Carol has data on the causes of violent outbursts among kindergarten children. She used a "shot-gun" approach to hypothesis testing by asking the computer to produce p-values for 300 quickly chosen hypothesis tests. She shared her glee with fellow researchers, noting that she had found 15 statistically significant results. She went so far as to brag that she had made some discoveries that defied all previously held notions about the wild behavior of this population of terrifying tots. She used the .05 level of significance. Explain why she actually found nothing.

.05 * 300 = 15

This means you would expect 15 tests to be significant solely by chance.

Carol's approach to hypothesis testing using a "shot-gun" approach is not a reliable or valid method. By conducting a large number of hypothesis tests without a strong theoretical basis or proper control for multiple testing, she is more likely to come across false-positive results or randomly significant results.

In hypothesis testing, the level of significance (typically denoted as α) is the probability of rejecting the null hypothesis (assuming it is true). The commonly used significance level is .05, which means that if the p-value of a test is less than .05, it is considered statistically significant and the null hypothesis is rejected.

However, when conducting multiple hypothesis tests, there is an increased chance of finding statistically significant results purely by chance. This is known as the problem of multiple comparisons.
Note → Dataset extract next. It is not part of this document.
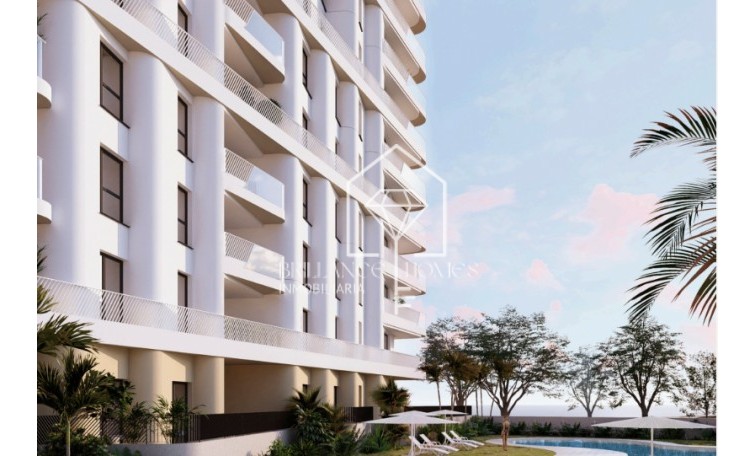 Flats - Nowa konstrukcja - La Villajoyosa / Vila Joiosa - 03570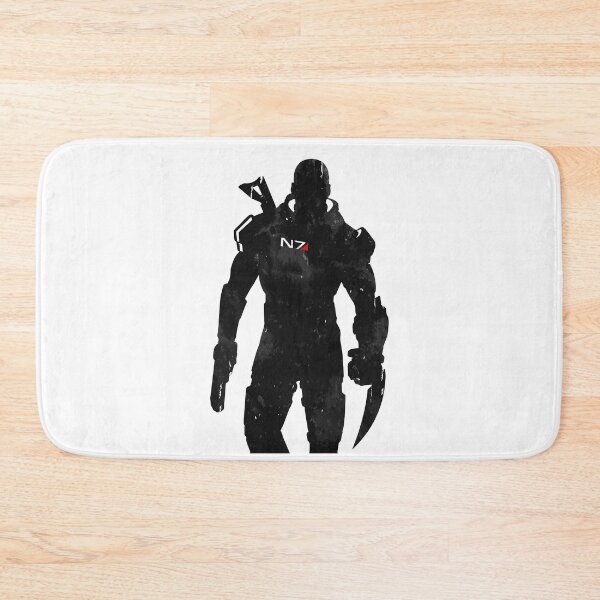 Item preview, Commander Shepard N7 Mass Effect designed and sold by RatherCreative.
The more tests you conduct, the higher the probability of finding significant results, even if the null hypothesis is true for all of them.

In Carol's case, by conducting 300 hypothesis tests and considering p-values less than .05 as significant, it is highly likely that some of the statistically significant results she obtained are simply due to random chance. In fact, if all 300 tests were genuinely testing null hypotheses, we would expect around 5% of the tests, or approximately 15 tests, to have p-values less than .05 by chance alone.

Therefore, her claim of making groundbreaking discoveries that defy previously held notions about kindergarten children's behavior is unfounded. Without a proper methodology controlling for multiple testing and conducting hypothesis tests based on clear hypotheses and theoretical foundations, her findings are more likely to be false positives and cannot be trusted.

To avoid the problems of multiple comparisons, researchers typically use techniques such as Bonferroni correction or false discovery rate control to adjust the significance level or p-values accordingly. These techniques help reduce the likelihood of false positives and provide a more rigorous interpretation of the results.

In conclusion, Carol's approach lacks validity and her claimed discoveries are likely to be spurious. It is important to carefully plan hypothesis tests, use appropriate statistical methods, and control for multiple testing when conducting research to ensure reliable and meaningful results.